Sans compter que le nouveau bac est venu rajouter une couche de complexité. Le gros du dispositif Oui si, de "type 1", apporte 60 heures de cours de soutien en plus par semestre, divisées en tiers entre du cours disciplinaire de SVT, de mathématiques et de physique-chimie. Pas assez pour rattraper les lacunes construites au lycée si l’étudiant n’a pas suivi la spécialité, et en même temps potentiellement du temps perdu pour une personne ayant suivi cette spécialité. "Sans compter que ce cours de soutien n’est pas noté. C’est parfois compliqué de motiver des étudiants pour qu’ils viennent", souligne Cédric Picot.

En fin de processus, un contrôle qui leur échappe

Myriam Régent-Kloeckner et Damien Seyer vont donc continuer d’apporter de "la touche humaine" et influencer le classement au fil des trois prochaines semaines, pour permettre à Cédric Picot de rebasculer le tableau Excel au format Parcoursup.
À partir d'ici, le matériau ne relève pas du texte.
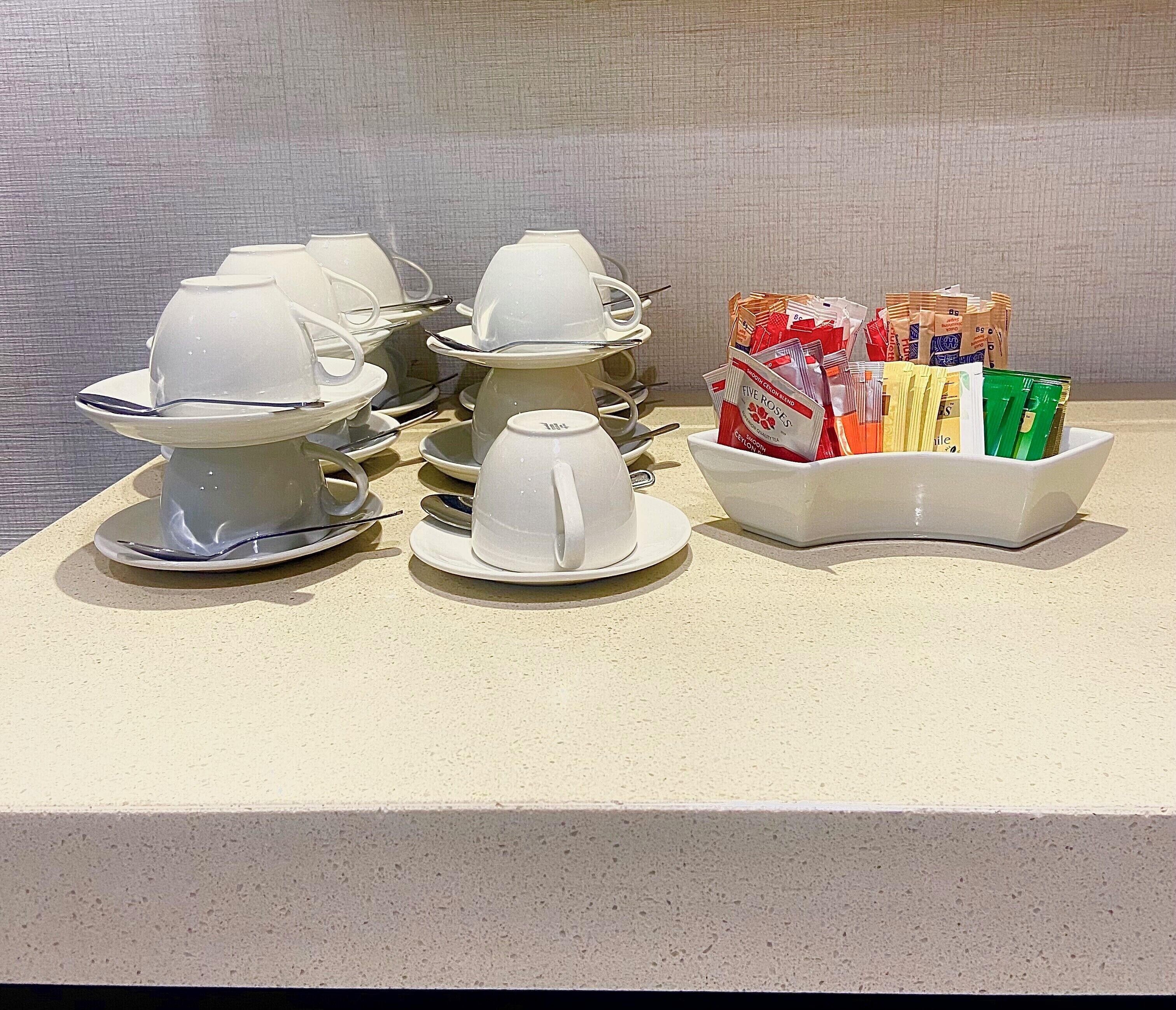 A display of white teacups and saucers, a bowl of tea bags, and a tray of assorted snacks on a countertop.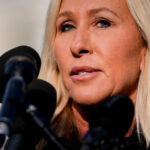 Desenho animado de Mike Luckovich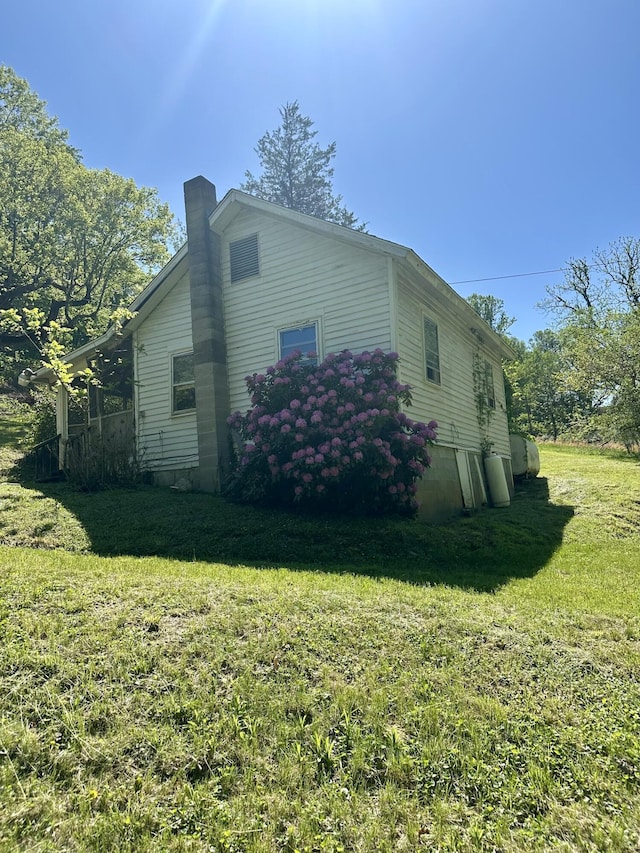 view of side of home featuring a chimney and a yard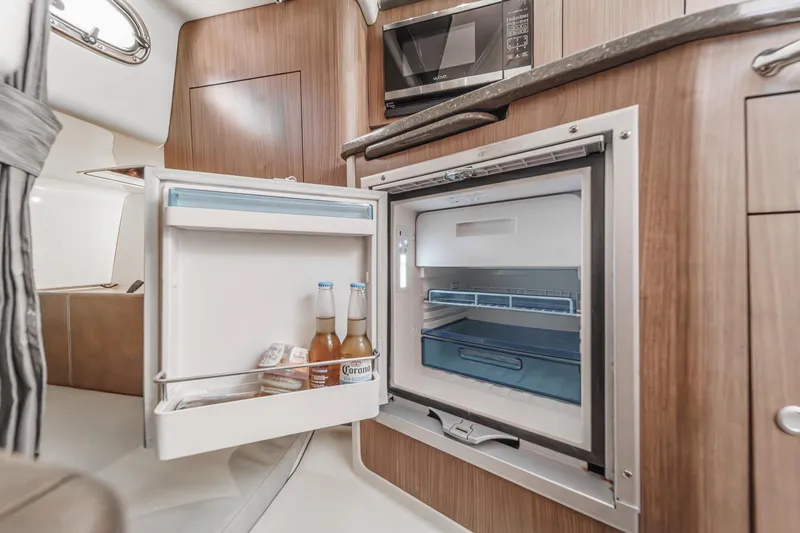 Slide: The Image of 2018 Boston Whaler 315 Conquest cabin with open fridge, wooden cabinetry, and microwave. - 36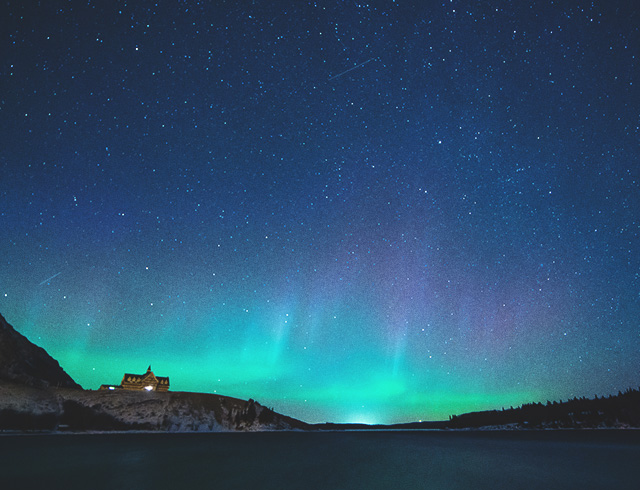 The Northern Lights shine brightly above Prince of Wales Hotel in Waterton Lakes National Park at night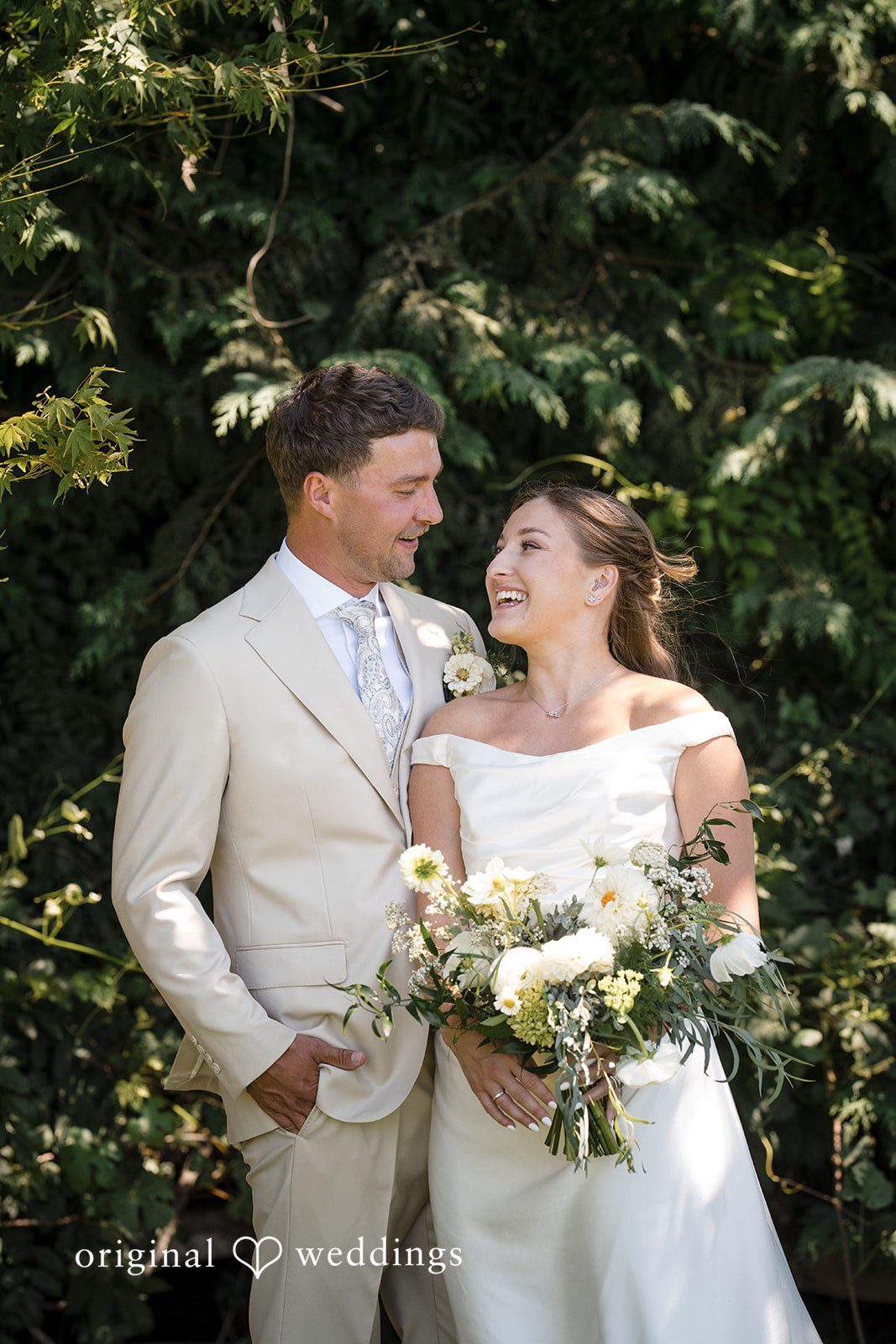 Hanna + Austin A groom and bride smiling together while holding a bouquet.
Une étape jamais exempte de bugs.

Mais au bout du compte, ce ne sera toujours pas le classement définitif. Avant le début de la phase d’admission, une semaine de "vérification obligatoire", pour citer l’ IGESR Jérôme Teillard, permet notamment d’établir s’il a bien respecté deux quotas (lire sur AEF info) : le "taux minimum de boursiers" et le "taux de non-résidents" (hors Île-de-France), respectivement de 15 % et 5 % pour la L1 de biologie de Cergy l’an dernier.

Des taux définis par les recteurs de région académique. "Nous ne connaissons pas les critères de Parcoursup en la matière et découvrons le nouveau classement en même temps que les étudiants commencent à recevoir leurs réponses. Parfois, le changement est assez impressionnant, la personne que nous avions classée millième se retrouve parmi les 300 premiers", indique Cédric Picot. Une démarche d’égalité des chances et de justice sociale mais qui peut, de l’aveu des membres de la commission comme de Patrick Courilleau, en frustrer plus d’un, après les heures passées le soir à travailler dessus.